Quem é o “Superendividado”? Não é apenas quem deve muito, mas sim quem está na situação de impossibilidade manifesta de pagar suas dívidas de consumo sem comprometer o seu mínimo existencial.
O que ENTRA na conta: Empréstimos bancários, carnês de lojas, cartões de crédito E contas de consumo (água, luz).
O que NÃO entra: Dívidas de luxo, dívidas contraídas com má-fé (fraude), pensão alimentícia e impostos.
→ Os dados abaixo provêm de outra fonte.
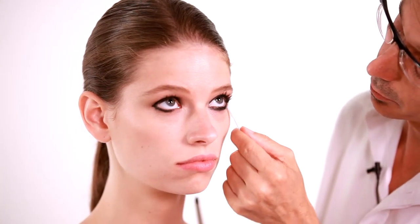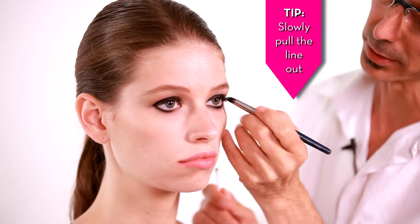Now once you've created the shape, just take a little bit of makeup remover and clean up your line where you need to. You're just going to take that pencil brush, and just as you're looking forward looking at yourself in the mirror, just slowly pull the line out.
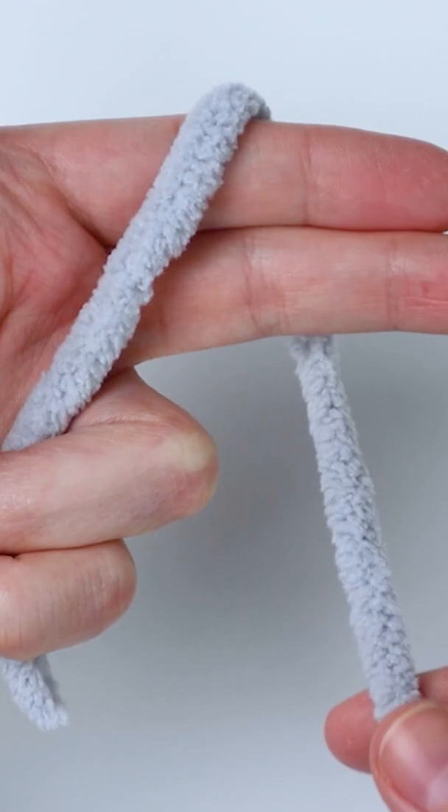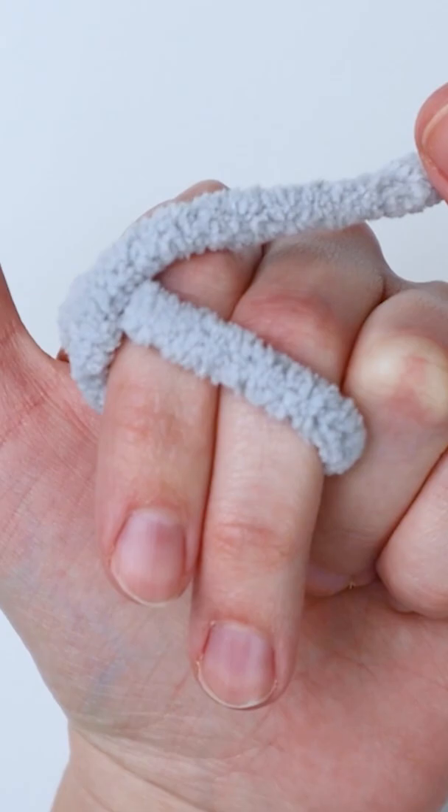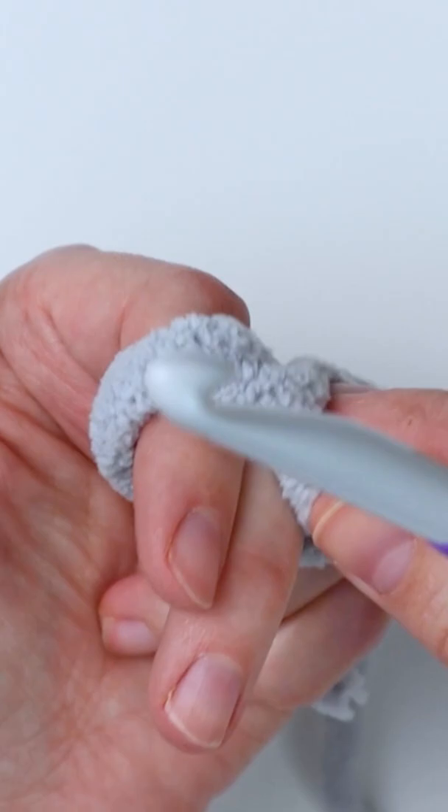To start, we're going to tie a slip knot. Hold on to the end of your yarn and wrap it around your fingers like that. Then bring it around to the back of your finger and loop your working yarn through that little loop on your fingers.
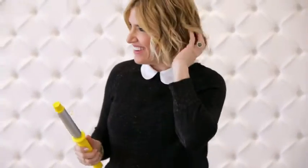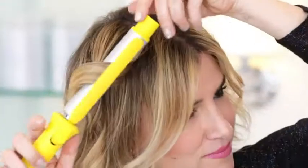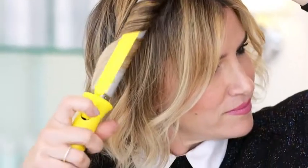For soft waves and curls, hold the iron vertically and clamp hair high by the roots. Twist the rotating clamp with your thumb and finger away from the face. Give the curl a little tug to loosen it up.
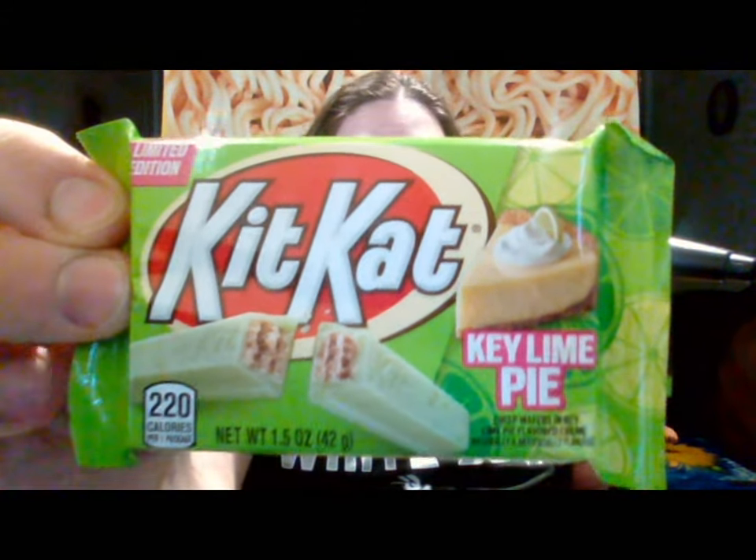Hello everyone, it's John, back again with another video. Today I'm going to be kind of continuing in a series that I did one video of before. I got this product from a friend of mine: KitKat Key Lime Pie. If you remember my video earlier this year, I did the KitKat Duos.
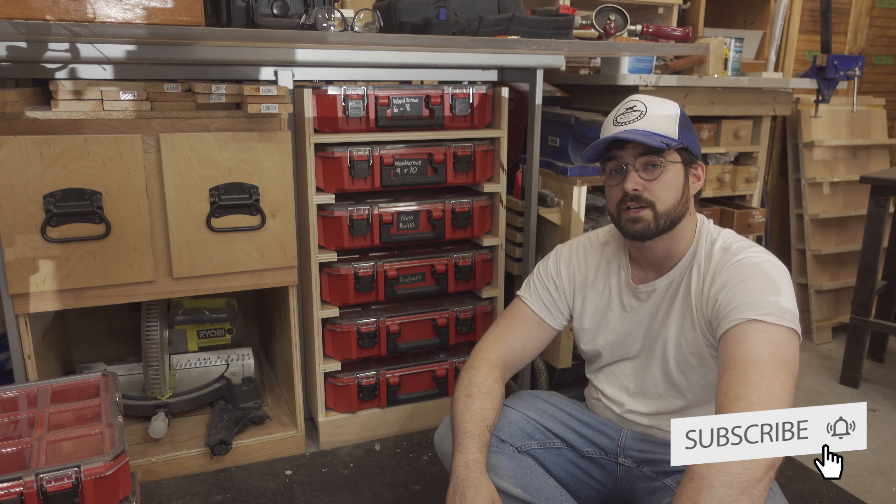Thank you for watching. Make sure you like, comment, and subscribe to keep up to date with new projects as they are released. Until next time, thank you.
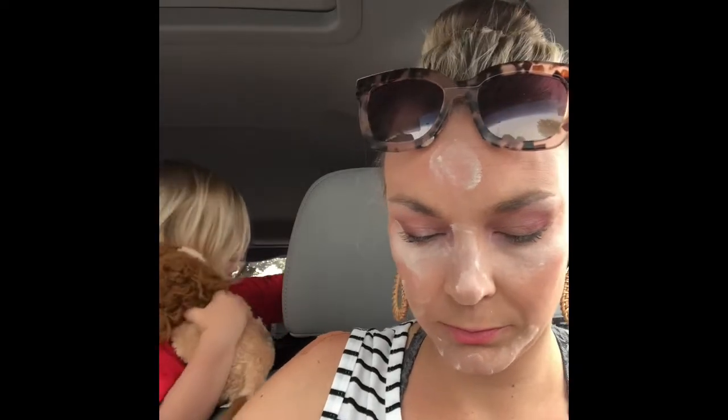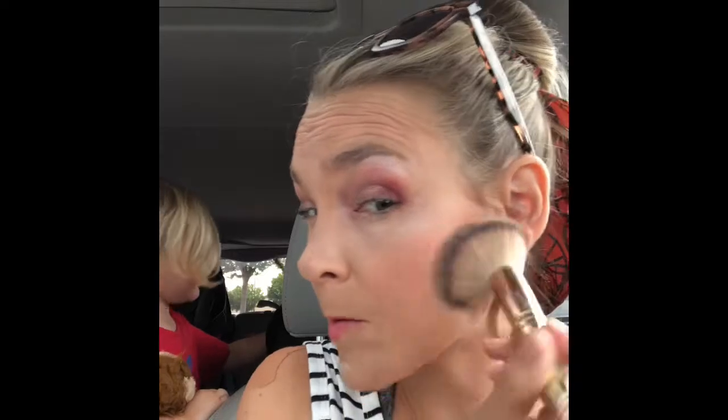I baked — I could have left it a little longer, but as you can see I have a three-year-old behind me trying to off himself. Anyway, that's it, I'm done. I could add some setting spray if I wanted.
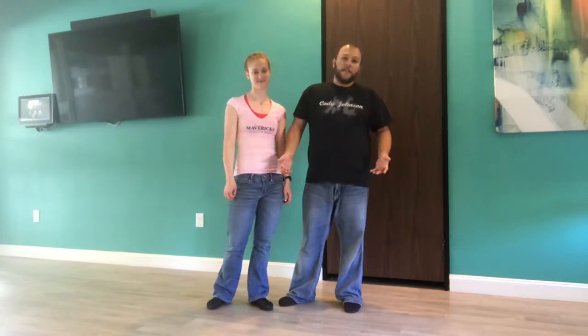Welcome out. Thank you guys for checking out our video series. My name is Ryan, this is Kelly. We are the instructors of Mavericks in Austin, Texas. Please feel free to find us on Facebook — our Facebook page is called One Step at a Time. Feel free to send us a message if you like lessons, or if you have any questions, please feel free to reach out to us directly.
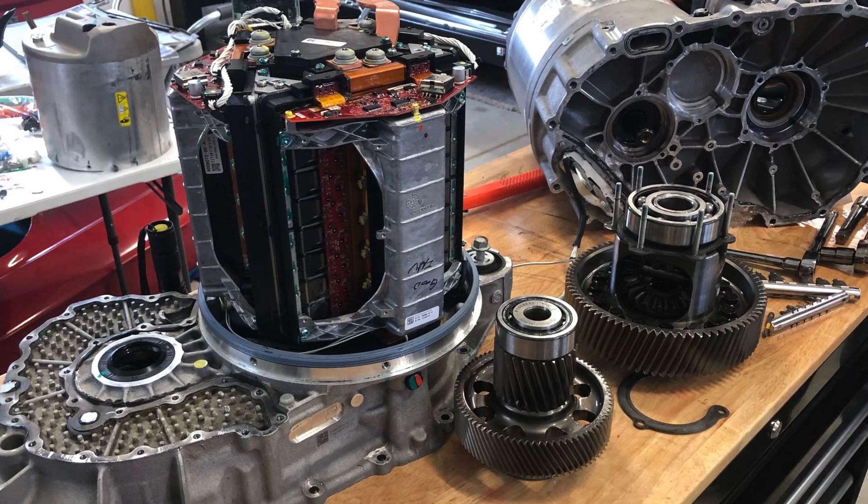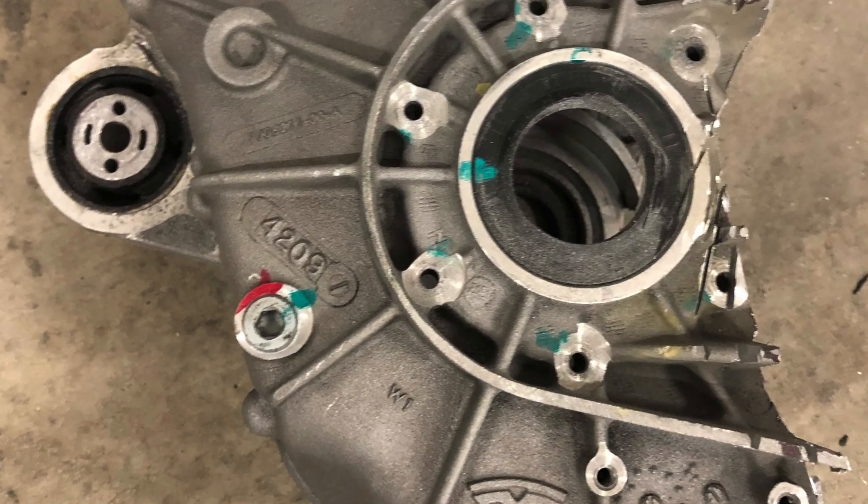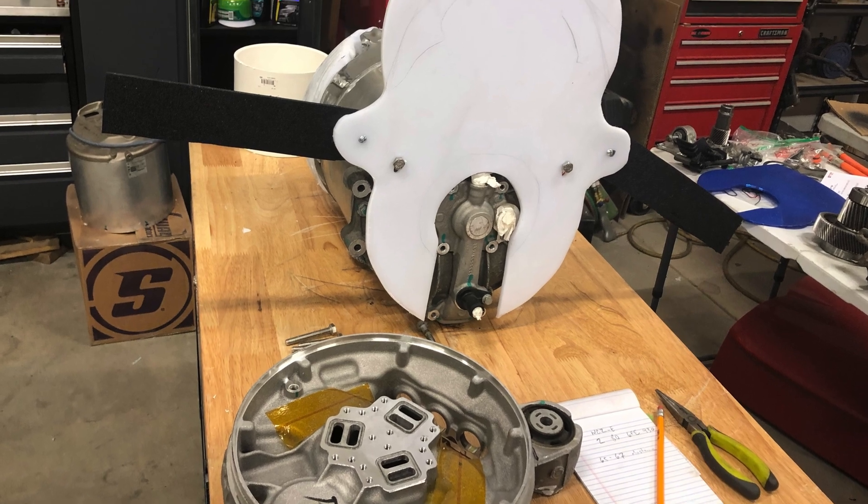Somebody could go out to a junkyard, buy a $6,000 Tesla motor — that's exactly what we did — and cut it up and try to re-engineer it. At some point your time is worth something. We realized that we were stuck and we really weren't going to make any progress on this car. That's when we started talking to you, and it was worth every penny purchasing that motor. That saved us an extra year or maybe two of frustration and failed attempts and re-engineering and trying to figure this out.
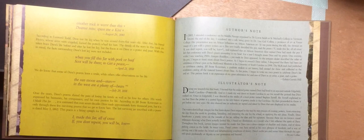'Another trick is worse than this. Dearest Mist, spare me a kiss.' According to Leonard Todd, Dave lost his leg when he was around 35 years old. After that, his friend Henry, whose arms were crippled, kicked the potter's wheel for him. The details of the story in this book are taken from Dave's life before he lost his leg, but the focus is on Dave as a potter and a poet. With this in mind, the facts surrounding Dave's lost leg were not included. 'When you fill this jar with pork or beef, Scott will be there to get a piece.' April 21st, 1858.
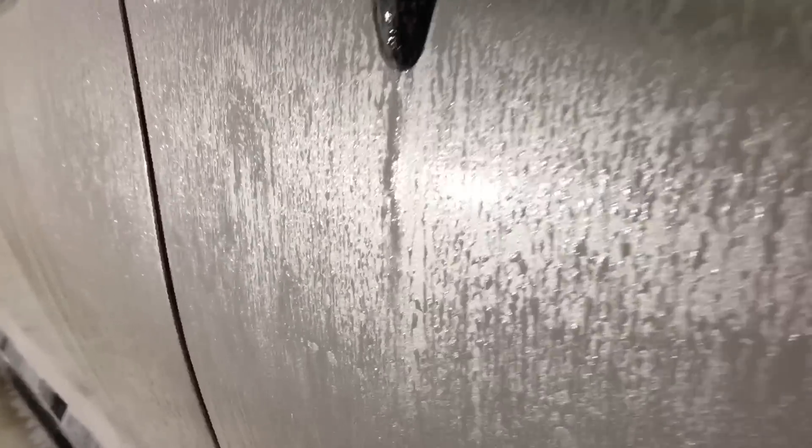At about an ounce to an ounce and a half, this is what the solution looks like as a foamer — just enough to be effective and cling to the side of the vehicle.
O Judiciário entende que uma parte da renda do cidadão é intocável. Recentemente, decretos federais e decisões do STJ vêm balizando esse valor, buscando garantir que a pessoa não seja “asfixiada” pelas parcelas dos bancos.
O grande diferencial desta lei é que em vez de você ligar para cada banco e implorar por um desconto, a Justiça convoca todos os seus credores para uma única reunião.
- Plano de Pagamento: Você apresenta uma proposta de quanto pode pagar por mês sem passar fome.
- Prazo Justo: O parcelamento pode ser feito em até 5 anos.
- Fim da “Bola de Neve”: Se o acordo for aceito, os juros param de correr de forma abusiva.
Se você sente que as parcelas do banco tomaram conta do seu salário, o primeiro passo é organizar uma lista de todas as suas dívidas e buscar auxílio especializado
Você não precisa carregar esse peso sozinho. A lei está do seu lado para garantir que você tenha um recomeço digno.